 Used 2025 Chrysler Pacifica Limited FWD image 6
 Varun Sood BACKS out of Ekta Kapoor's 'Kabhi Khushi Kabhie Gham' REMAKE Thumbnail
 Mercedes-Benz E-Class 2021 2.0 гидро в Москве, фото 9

PROBLEM TO SOLVE: Would you please copy every line of the data exactly?

RESPONSE TO THIS EXERCISE:
 Used 2025 Chrysler Pacifica Limited FWD image 6
 Varun Sood BACKS out of Ekta Kapoor's 'Kabhi Khushi Kabhie Gham' REMAKE Thumbnail
 Mercedes-Benz E-Class 2021 2.0 гидро в Москве, фото 9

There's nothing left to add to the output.